> Work task: The required output is the line containing "Azazie Dorita Taupe" followed by every later line through the end of the data, all reproduced exactly.

(Excerpts from a dataset)
++++++

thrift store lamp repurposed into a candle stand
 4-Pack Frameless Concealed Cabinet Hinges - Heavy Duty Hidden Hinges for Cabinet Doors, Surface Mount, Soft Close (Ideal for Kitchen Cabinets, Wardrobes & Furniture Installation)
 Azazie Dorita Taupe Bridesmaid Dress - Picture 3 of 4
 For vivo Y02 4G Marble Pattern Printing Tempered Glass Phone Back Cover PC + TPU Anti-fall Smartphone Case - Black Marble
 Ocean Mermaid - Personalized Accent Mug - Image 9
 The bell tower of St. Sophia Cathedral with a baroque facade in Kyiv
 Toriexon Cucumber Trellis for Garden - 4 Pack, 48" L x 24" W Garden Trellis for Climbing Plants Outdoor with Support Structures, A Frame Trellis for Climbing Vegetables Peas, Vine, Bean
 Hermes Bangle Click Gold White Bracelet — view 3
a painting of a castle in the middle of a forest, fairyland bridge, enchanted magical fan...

++++++

> Reply to the task:
 Azazie Dorita Taupe Bridesmaid Dress - Picture 3 of 4
 For vivo Y02 4G Marble Pattern Printing Tempered Glass Phone Back Cover PC + TPU Anti-fall Smartphone Case - Black Marble
 Ocean Mermaid - Personalized Accent Mug - Image 9
 The bell tower of St. Sophia Cathedral with a baroque facade in Kyiv
 Toriexon Cucumber Trellis for Garden - 4 Pack, 48" L x 24" W Garden Trellis for Climbing Plants Outdoor with Support Structures, A Frame Trellis for Climbing Vegetables Peas, Vine, Bean
 Hermes Bangle Click Gold White Bracelet — view 3
a painting of a castle in the middle of a forest, fairyland bridge, enchanted magical fan...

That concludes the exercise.